* [WORK REQUIRED]: Apart from the images, repeat the data below exactly as written.

◇ ◇ ◇ ◇ ◇

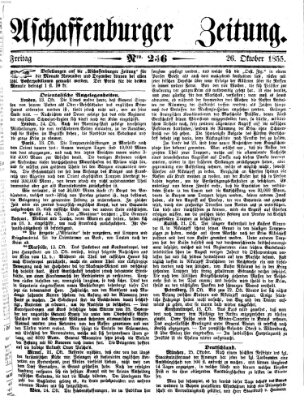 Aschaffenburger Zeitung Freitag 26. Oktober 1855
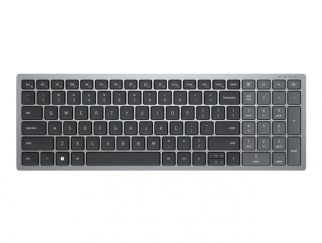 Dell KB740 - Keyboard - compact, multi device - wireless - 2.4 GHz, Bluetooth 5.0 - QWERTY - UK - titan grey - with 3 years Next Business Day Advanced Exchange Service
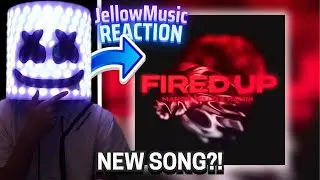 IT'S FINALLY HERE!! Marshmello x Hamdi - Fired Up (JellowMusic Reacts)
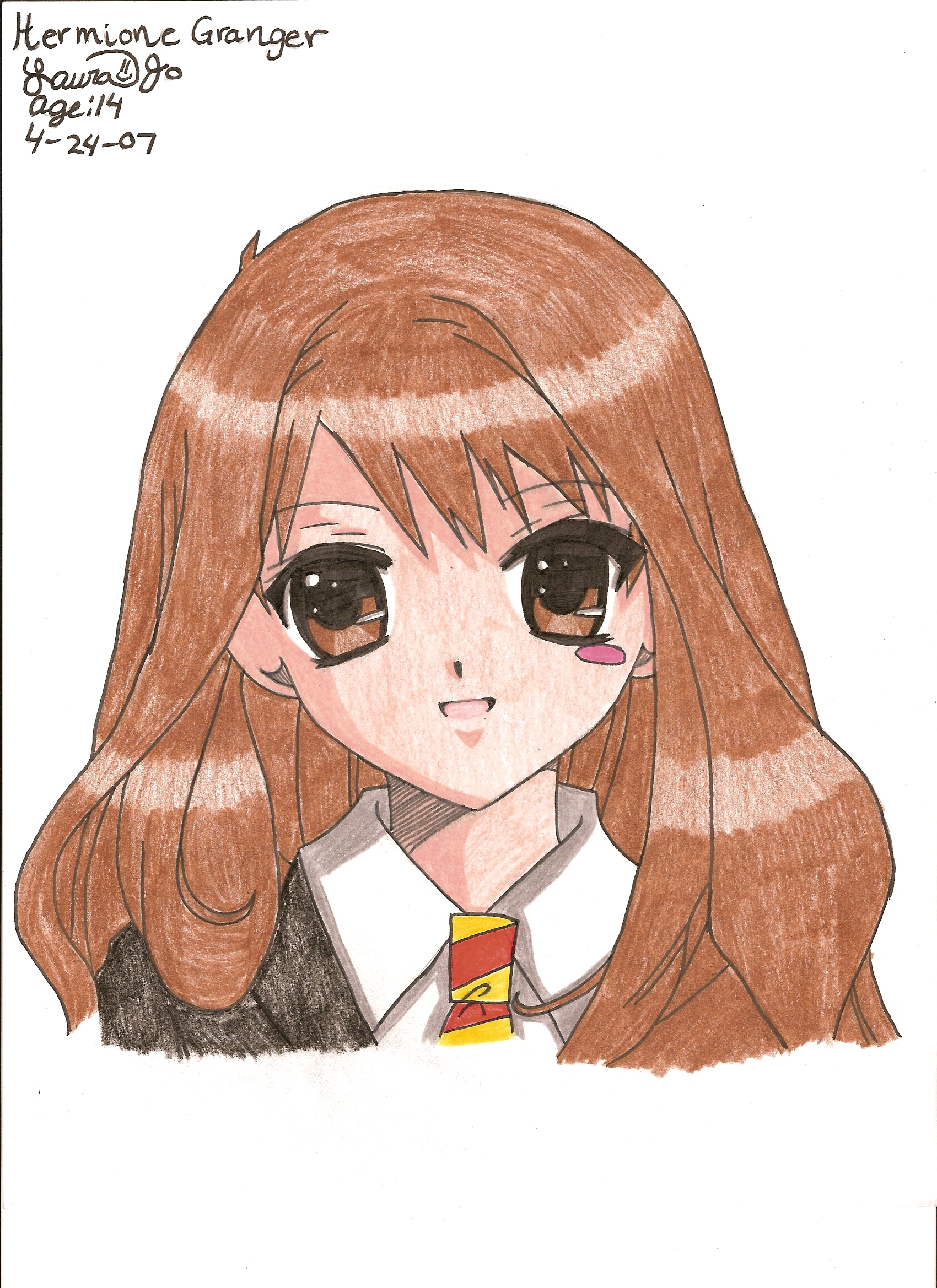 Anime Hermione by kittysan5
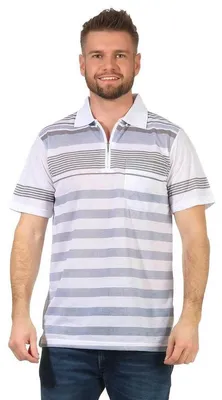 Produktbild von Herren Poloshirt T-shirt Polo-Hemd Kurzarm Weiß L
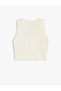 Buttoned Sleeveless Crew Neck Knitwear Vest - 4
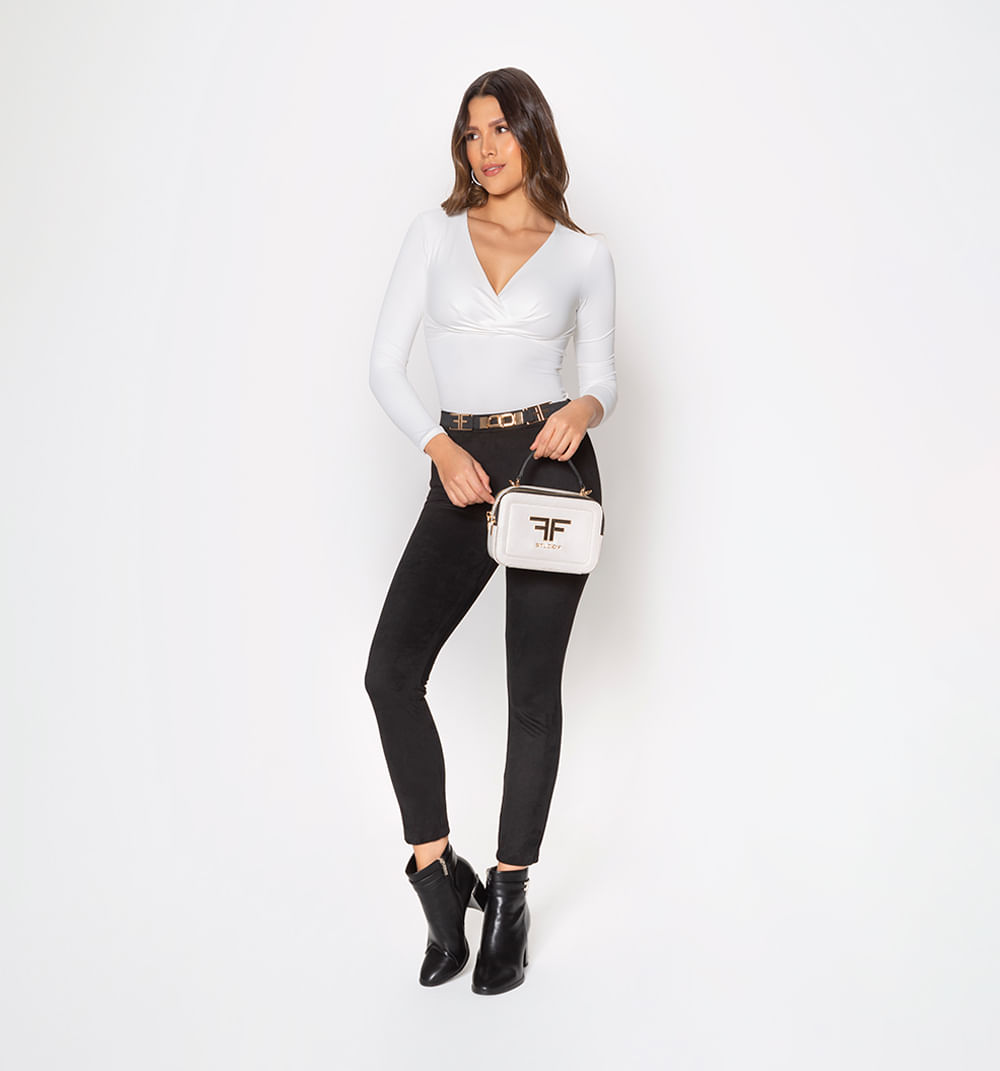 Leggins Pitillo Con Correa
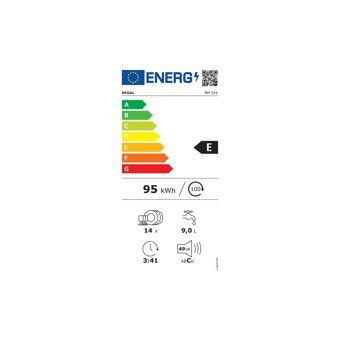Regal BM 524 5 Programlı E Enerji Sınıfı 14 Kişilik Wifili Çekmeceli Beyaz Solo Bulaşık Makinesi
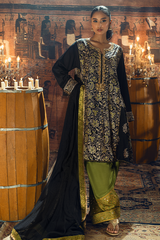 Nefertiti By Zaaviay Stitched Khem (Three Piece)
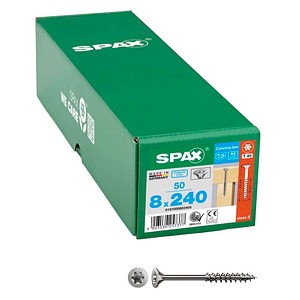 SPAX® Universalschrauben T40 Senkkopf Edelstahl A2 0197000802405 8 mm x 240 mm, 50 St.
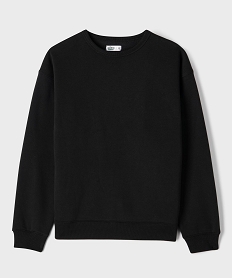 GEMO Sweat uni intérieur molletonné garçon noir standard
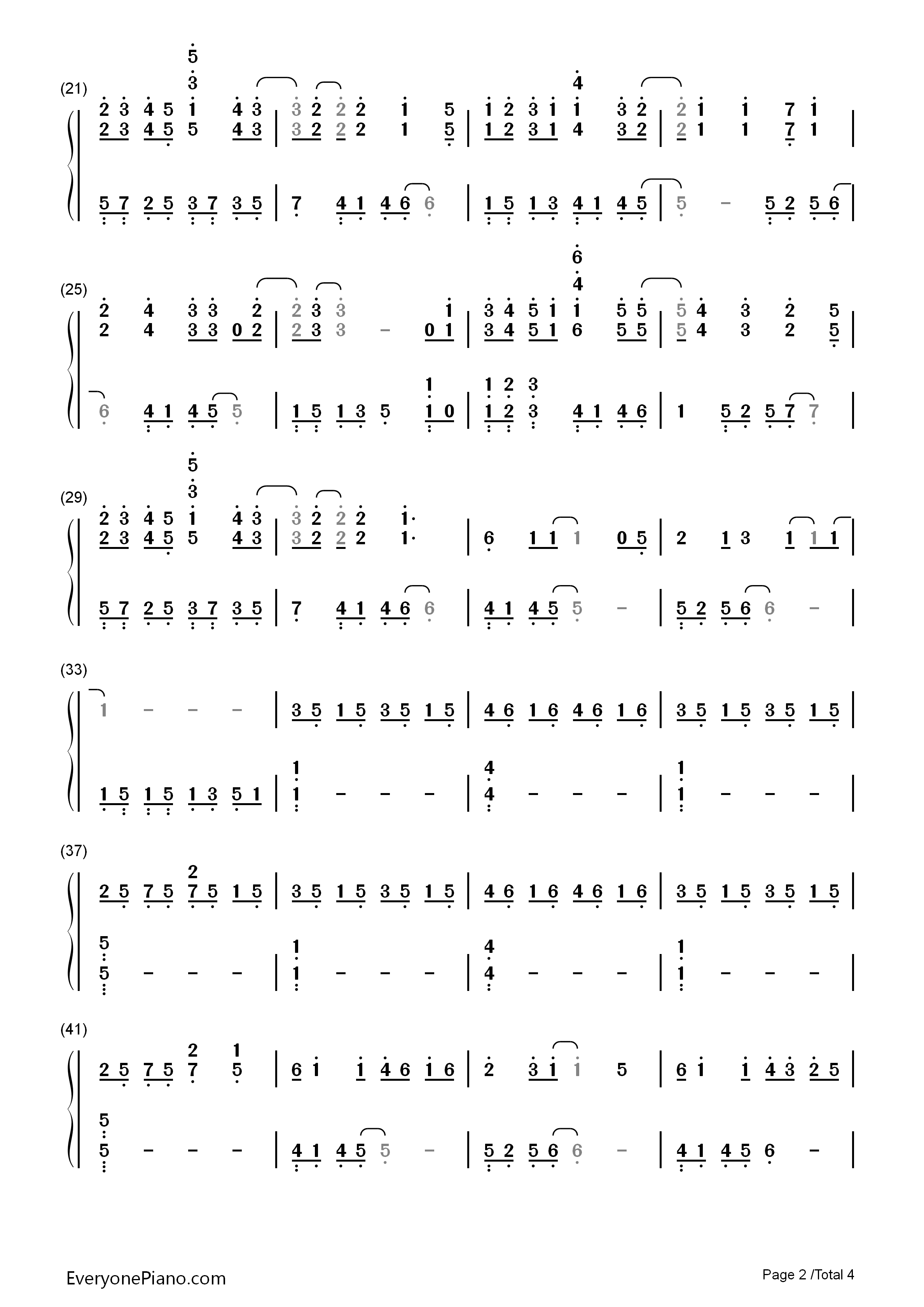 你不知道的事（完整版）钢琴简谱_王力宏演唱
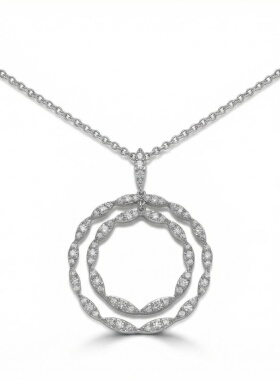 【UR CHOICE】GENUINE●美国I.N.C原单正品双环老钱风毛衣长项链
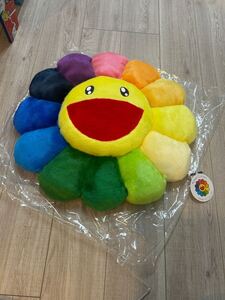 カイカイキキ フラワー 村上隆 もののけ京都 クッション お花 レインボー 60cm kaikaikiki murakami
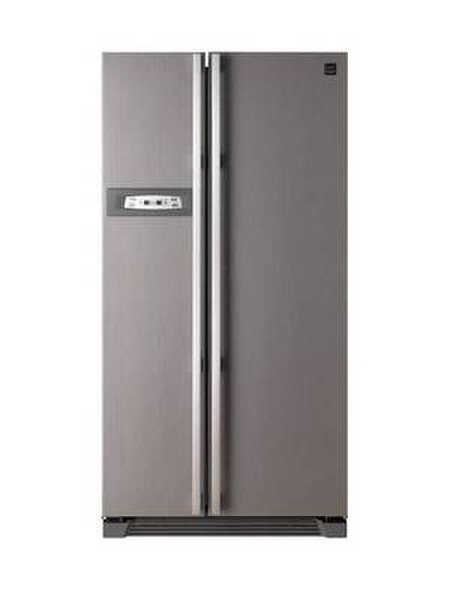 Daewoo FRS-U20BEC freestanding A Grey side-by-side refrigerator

◇ ◇ ◇ ◇ ◇

* [REPLY TO THE EXERCISE]:
 Aschaffenburger Zeitung Freitag 26. Oktober 1855
 Dell KB740 - Keyboard - compact, multi device - wireless - 2.4 GHz, Bluetooth 5.0 - QWERTY - UK - titan grey - with 3 years Next Business Day Advanced Exchange Service
 IT'S FINALLY HERE!! Marshmello x Hamdi - Fired Up (JellowMusic Reacts)
 Anime Hermione by kittysan5
 Produktbild von Herren Poloshirt T-shirt Polo-Hemd Kurzarm Weiß L
 Buttoned Sleeveless Crew Neck Knitwear Vest - 4
 Leggins Pitillo Con Correa
Regal BM 524 5 Programlı E Enerji Sınıfı 14 Kişilik Wifili Çekmeceli Beyaz Solo Bulaşık Makinesi
 Nefertiti By Zaaviay Stitched Khem (Three Piece)
 SPAX® Universalschrauben T40 Senkkopf Edelstahl A2 0197000802405 8 mm x 240 mm, 50 St.
 GEMO Sweat uni intérieur molletonné garçon noir standard
 你不知道的事（完整版）钢琴简谱_王力宏演唱
 【UR CHOICE】GENUINE●美国I.N.C原单正品双环老钱风毛衣长项链
 カイカイキキ フラワー 村上隆 もののけ京都 クッション お花 レインボー 60cm kaikaikiki murakami
 Daewoo FRS-U20BEC freestanding A Grey side-by-side refrigerator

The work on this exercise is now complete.